Q:It seems that beyond neuroscience, the novel Brainwalker also touches on psychology and philosophy.
Stephan: The field of neuroscience has evolved tremendously over the last few decades, and the progress made is fascinating. At the same time the brain, the mind, and the relationship between the two, remain some of the biggest questions of science. Neuroscience is one of the most fascinating fields of scientific inquiry today,and we wanted to give children a taste of the brain as a great mystery, not as something science has conquered. In that spirit, it was important to include hard neuroscience but also more grey areas and even mystical themes.
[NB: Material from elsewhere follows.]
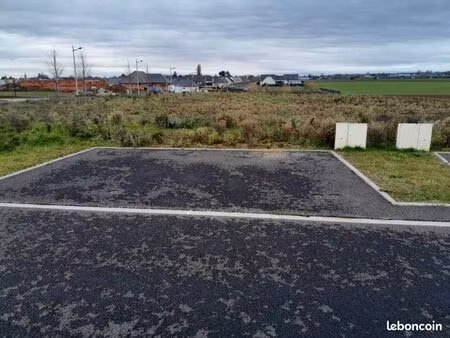 terrain 437 m² ressons le long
Robyn: This is why our research brought us to a lot of different thinkers. We immersed ourselves, not only in physical brain research, but also in books about mind, consciousness, and even quantum physics. For example we were interested in the physicist David Bohm, who started out with his own interpretation of Quantum Theory , and later went on to try to bridge science and consciousness with the indian philosopher Krishnamurti. Another example is the Karl Pribram. He theorized that thoughts might be encoded in the brain in the form of holograms. His ideas have been mostly discarded by conventional neuroscience, but that’s partly why we liked it. Carl Jung was also an important influence. We were inspired by Jung’s idea of a collective unconscious, the idea that something connects us all and influences us, which we’re not aware of. That’s where our Telamons characters come from.
Q: Why do you think it’s important for children to learn about the brain?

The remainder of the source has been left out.